Green Roofs Find Growing Markets

Grower Ed Snodgrass displays some of his plants that he sells and are used for rooftop growing at one of his greenhouses in Street, Md., Saturday, Jan. 14, 2006.
If you're the type that likes to buy plants and forget about them, Ed Snodgrass has a greenhouse full of abuse-loving varieties.

However, these plants aren't grown for the absent-minded gardener. They're for the burgeoning market for green roofs, where plants help keep out the summer heat and winter cold while also managing storm water runoff and absorbing carbon dioxide.

Plants selected for that job have to be what some might call bachelor tolerant.

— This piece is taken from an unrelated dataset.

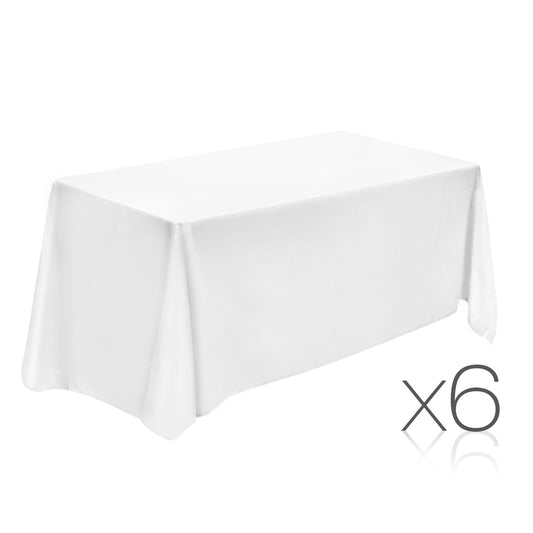 Set of 6 152 x 259 Table Cloths - White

Roofs are brutal environments for plants as anyone who has tried to grow tomatoes on their deck can attest. Plants that can thrive in such conditions must be able to withstand high and low temperatures, lack of water and poor soil.

The market for green roof plants is like the plants themselves, small and growing.

Chicago put a green roof on its City Hall in 2000 and since then about 150 public and private buildings have followed, including a downtown McDonald's restaurant and an Apple computer store. The construction of green roofs has been spurred in part by the city's green building and green roof policies, which apply to new public buildings, and private developments and structures that are subsidized by the city.

In addition to requirements that a certain percentage of roof space be constructed as green roofs, the city is also awarding 20 $5,000 grants to help the owners of small commercial properties and residential buildings install green roofs.

"For a city, it really helps to solve a number of our problems," said Sadhu Johnston, commissioner of Chicago's Department of Environment.

"We're finding its brings temperatures down on a roof from 160 to about 80 degrees in the summer."

That can help fight sweltering downtown temperatures that claim the lives of the elderly and sick each summer, he said.

Chicago installed its City Hall roof after Mayor Richard Daley visited Europe, where a mature green roof industry already exists. Now, the City Hall roof also has two beehives from which honey is collected for sale at auction each year, said Larry Merritt, a spokesman for the Chicago department of the environment, whose office looks down on the building.

"From my window here were on the 25th floor you look out during the summer or fall and you see this beautiful garden as opposed to your run-of-the-mill black tar roof," Merritt said.

Chicago is not alone in its zeal for living and working under a living, breathing roof.

In San Francisco, dozens of plants were tested for a 2.5-acre green roof planned for the new California Academy of Sciences building, which is to be completed in late 2008. And at Ford's Rouge Dearborn Truck Plant in Dearborn, Michigan, 10-acres of green roof have been installed.

While many tout the environmental benefits, such as helping reduce the so-called urban heat island effect that can make downtown areas hotter than the surrounding suburbs, proponents say they also have practical advantages. Green roofs extend the life of roofs because they protect the roof from weather extremes.

While each installation is different, studies have found green roofs can cut summer cooling needs and winter heat losses by about 25 percent, according to Green Roofs for Healthy Cities North America, a not-for-profit industry association.